Daar waar het inspectiegegevens van asbestovertredingen betreft, is de Beleidsregel openbaarmaking dus een uitwerking van de algemene openbaarmakingsbevoegdheid van artikel 8 Wob. Blijkens de nota van toelichting is het doel van deze beleidsregel onder meer het kunnen controleren van het nalevingsgedrag van asbestsaneerders:

Transparantie over individuele bedrijven inzake asbestsanering kan een belangrijke bijdrage leveren aan een betere naleving van de regelgeving.

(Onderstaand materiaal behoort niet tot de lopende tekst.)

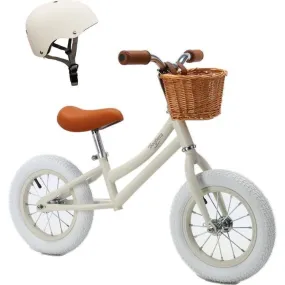 Baghera Bicycle BALANCE BIKE Ivory White + Helmet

Door transparantie in de vorm van het actief openbaar maken van inspectiegegevens, waarbij bedrijven met naam en toenaam genoemd worden, wordt inzage gegeven in het nalevingsgedrag en prestaties van bedrijven. Naar verwachting zal daardoor de naleving van regelgeving bevorderd worden (versterken preventieve werking).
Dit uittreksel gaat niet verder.